I am officially unemployed for the second work day in a row. I had a small meltdown yesterday. That was unexpected.
I thought more people from work would email me to check-in. This morning I got one email from a former co-worker. It was in the style of Where’d you go, Bernadette? (Ever read that book?) I appreciated it.
I ended up applying to four more jobs yesterday. Nothing I’m too excited to do, but I had to do something with my hands and thoughts and that was the most harmless thing I could think of.
Yesterday, I opened a checking account and took a short 15 minute walk outside.
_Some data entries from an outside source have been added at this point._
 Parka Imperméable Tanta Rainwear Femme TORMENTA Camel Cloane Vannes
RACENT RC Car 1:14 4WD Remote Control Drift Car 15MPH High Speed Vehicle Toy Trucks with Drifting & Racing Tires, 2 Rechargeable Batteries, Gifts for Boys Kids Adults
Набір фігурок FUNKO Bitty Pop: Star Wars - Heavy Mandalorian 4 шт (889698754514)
That made me feel like I accomplished something and helped to calm me down a bit.
So I tried to talk myself into doing something today. And it worked! I woke up (without an alarm) around 8:45a and realized if I got out of bed I would make it just in time for a Meetup group that was going paddleboarding. Fortunately for me, I had written the details out last night so there would be no barrier to me leaving the house if the mood hit me. It did!
I went paddleboarding! It was as simple as it looked on TV. You sit (or stand) on this hard plexiglass epoxy board and paddle. That’s it. And then 2 hours passed. I don’t generally understand repetitive sports like these, but it was nice to get out of the house.
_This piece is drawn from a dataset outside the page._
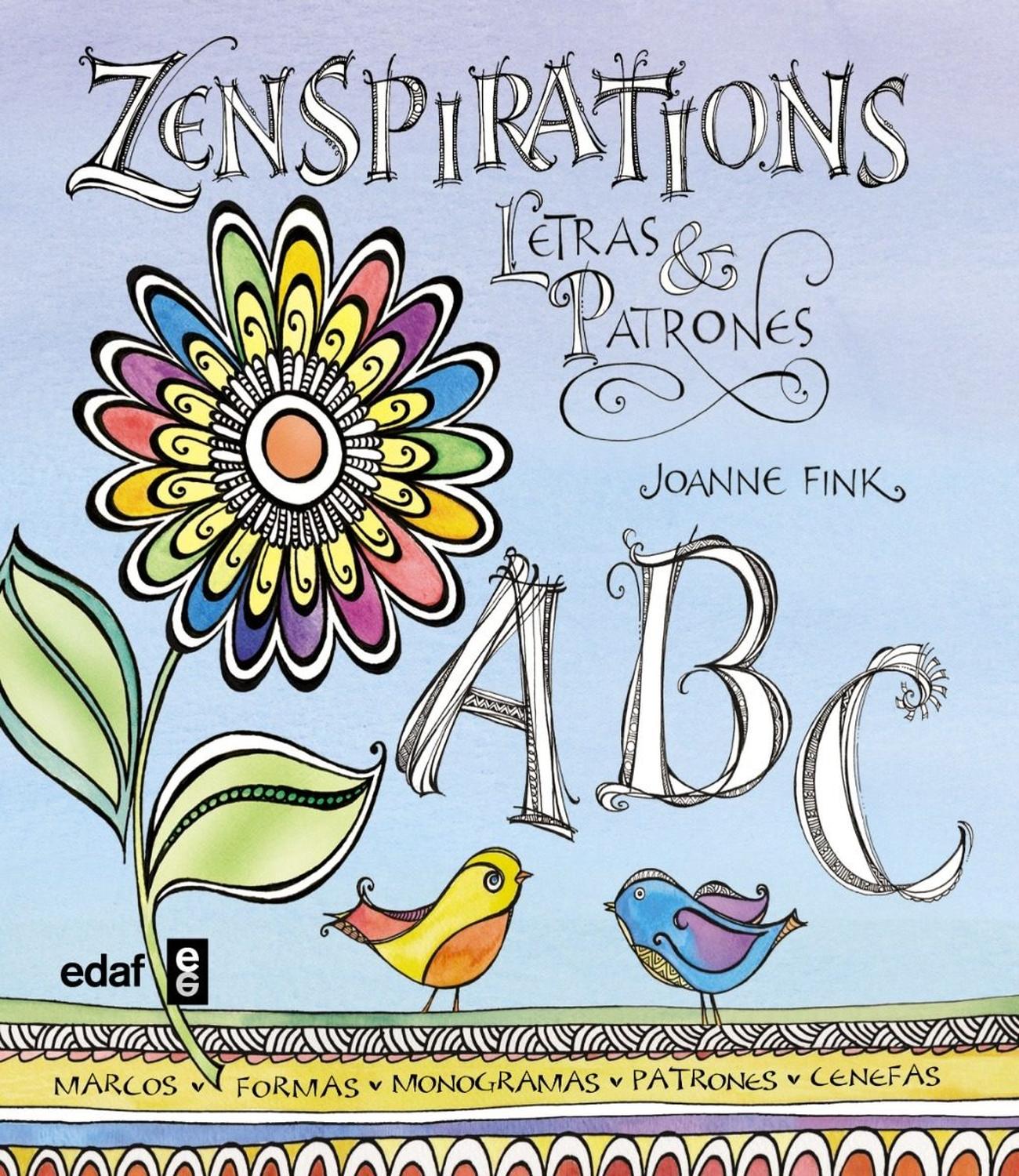 Zenspirations. Letras Y Patrones Edaf Libro x 1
I even talked to people! A white-man asked me if I’d ever taken a college class and how much my rent was, so that’s always cool.
My good-for-a-chat friend found out I quit my job. It was so much easier to tell the strangers from Meetup than someone I actually know. Less questions. I don’t know if I really wanted to tell her but it was nice to tell someone. I felt unburdened somehow. But I feel like I have to craft a narrative first to field questions before I tell anymore people…including my family. For you see, this early career break is both something I’ve been planning and something that I did suddenly. I have a plan and enough savings…and I don’t. It’s all very confusing.